Justamente por isso, a suspensão repentina e sem explicação do perfil profissional vem se tornando um problema jurídico recorrente. Em muitos casos, o trabalhador acorda, abre o aplicativo e descobre que sua conta foi bloqueada. O suporte responde com mensagens automáticas. O motivo, quando informado, é genérico: "violação dos termos de uso". E a renda, que dependia do app para circular, simplesmente para.
Este artigo reúne o que o Superior Tribunal de Justiça (STJ), a Lei Geral de Proteção de Dados (LGPD) e tribunais estaduais como o TJ-SP e o TJ-DFT têm decidido sobre esse cenário, além de apresentar o que está em pauta no Congresso Nacional e quais providências práticas estão à disposição do motorista ou entregador suspenso.
Por que tantos bloqueios acontecem
A relação entre o trabalhador autônomo e a plataforma é regida, em regra, por contratos de adesão com cláusulas amplas de exclusão e por sistemas automatizados de decisão. Esses sistemas analisam continuamente comportamento, denúncias, métricas de desempenho e dados biométricos, podendo aplicar bloqueios sem intervenção humana.
Na prática, alguns dos motivos mais frequentes que levam a suspensões consideradas indevidas pelos tribunais incluem:
- Denúncia falsa de cliente — alegação de que o pedido não foi recebido, sem qualquer prova, levando à exclusão imediata do entregador.
- Score que despenca por critério opaco — pontuação interna que afeta a distribuição de pedidos e que, quando cai abaixo de determinado patamar, leva à desativação. O critério não é divulgado em detalhes.
- Suspeita automática de fraude — algoritmos identificam padrões considerados anômalos e bloqueiam o profissional, sem submeter o caso à análise humana.
- Encerramento de corrida fora da rota indicada — em casos justificados (desvio por trânsito, pedido do passageiro), o sistema interpreta como descumprimento contratual.
Em todos esses cenários, o que se repete é a assimetria de informação: a plataforma decide unilateralmente, com base em dados e parâmetros que o motorista ou entregador não tem como contestar de imediato.

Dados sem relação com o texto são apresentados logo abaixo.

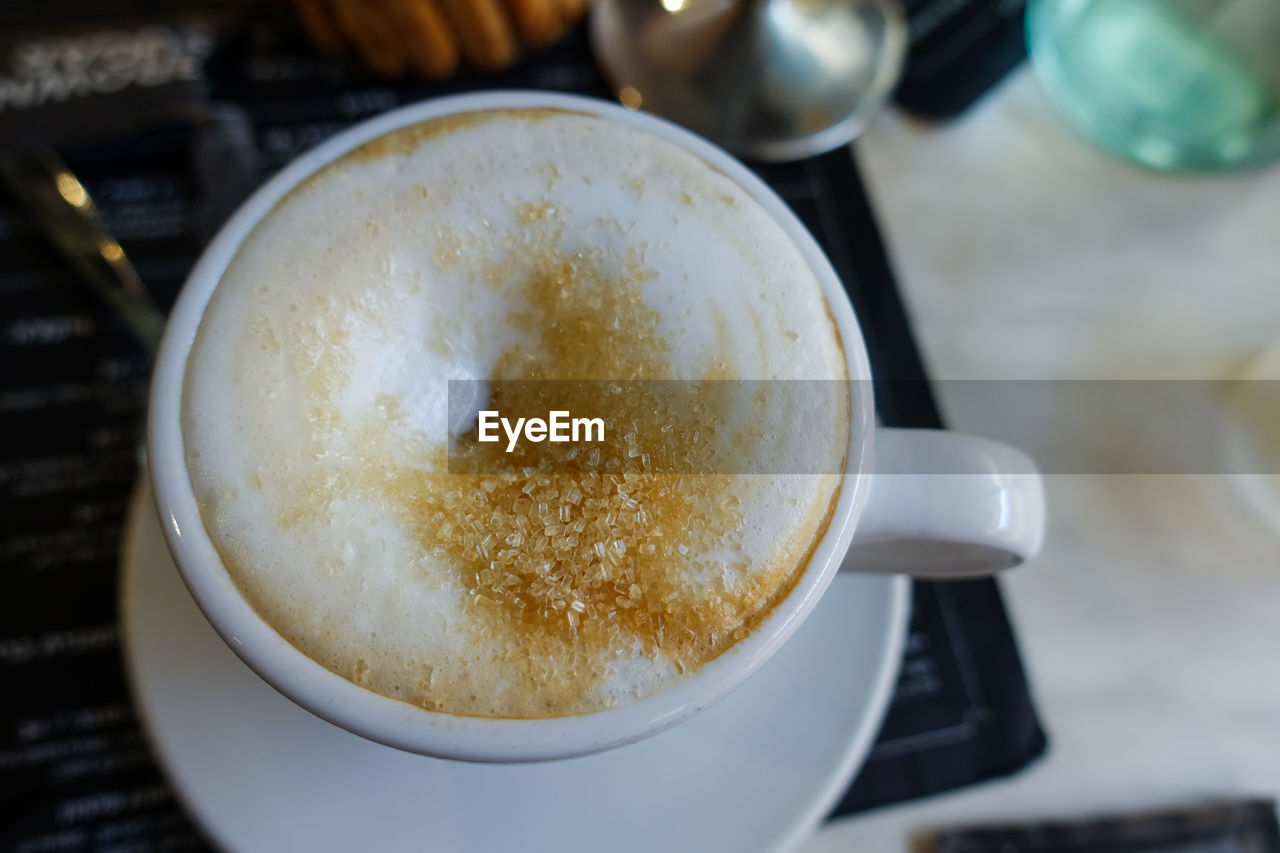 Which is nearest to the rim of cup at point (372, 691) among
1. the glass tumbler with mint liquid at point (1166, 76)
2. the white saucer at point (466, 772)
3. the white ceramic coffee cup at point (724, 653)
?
the white ceramic coffee cup at point (724, 653)

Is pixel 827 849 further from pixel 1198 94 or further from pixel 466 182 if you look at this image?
pixel 1198 94

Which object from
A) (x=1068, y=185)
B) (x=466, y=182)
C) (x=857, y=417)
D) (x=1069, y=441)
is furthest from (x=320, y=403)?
(x=1068, y=185)

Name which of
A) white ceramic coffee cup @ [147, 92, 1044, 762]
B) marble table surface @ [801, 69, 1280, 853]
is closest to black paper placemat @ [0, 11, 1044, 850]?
marble table surface @ [801, 69, 1280, 853]

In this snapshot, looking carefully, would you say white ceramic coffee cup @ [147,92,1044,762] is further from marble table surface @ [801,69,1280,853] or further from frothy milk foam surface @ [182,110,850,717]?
marble table surface @ [801,69,1280,853]

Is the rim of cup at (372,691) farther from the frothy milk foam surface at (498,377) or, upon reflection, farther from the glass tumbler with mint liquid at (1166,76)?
the glass tumbler with mint liquid at (1166,76)

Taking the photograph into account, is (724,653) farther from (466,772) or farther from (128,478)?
(128,478)

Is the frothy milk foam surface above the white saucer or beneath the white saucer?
above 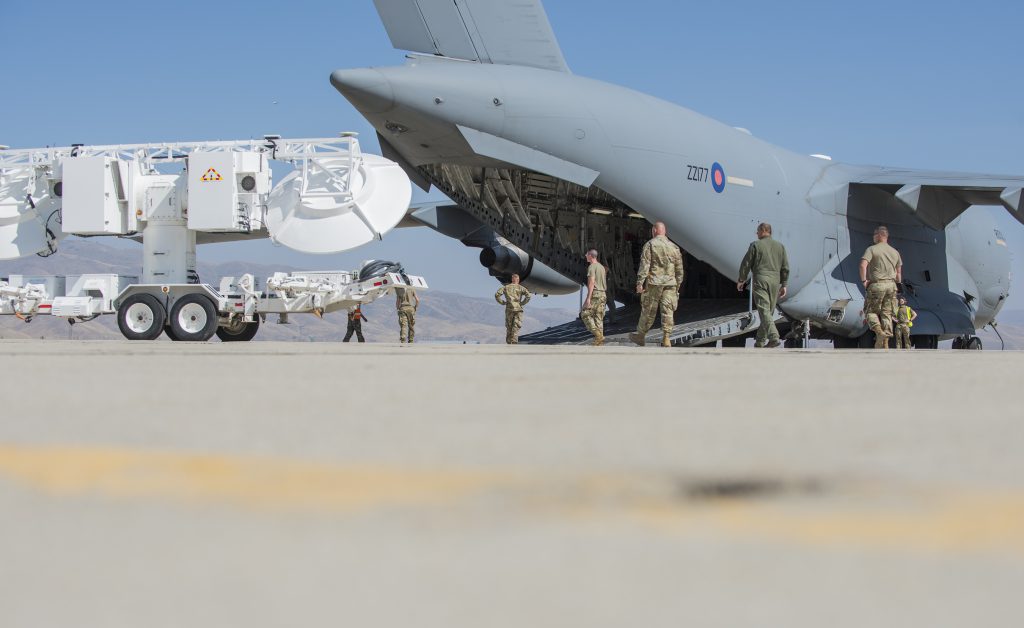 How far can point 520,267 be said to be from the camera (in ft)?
55.3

O que decidiu o STJ no REsp 2.135.783/DF
A Terceira Turma do Superior Tribunal de Justiça enfrentou diretamente a questão no julgamento do Recurso Especial nº 2.135.783/DF, relatado pela Ministra Nancy Andrighi e julgado em 18 de junho de 2024.
O caso envolvia motorista descredenciado da plataforma 99 sob alegação de descumprimento do código de conduta — teria, segundo a empresa, encerrado corridas em locais distintos dos solicitados pelos passageiros.
A tese fixada pelo tribunal pode ser resumida em duas premissas centrais:
"Não há óbice à suspensão imediata do perfil profissional do motorista que pratique ato suficientemente grave, com a possibilidade de posterior exercício de defesa visando ao recredenciamento."
E, complementarmente:
"Quando o ato for muito grave, o contraditório pode ser postergado, mas jamais preterido, sob pena de configurar abuso e gerar dever de reparação."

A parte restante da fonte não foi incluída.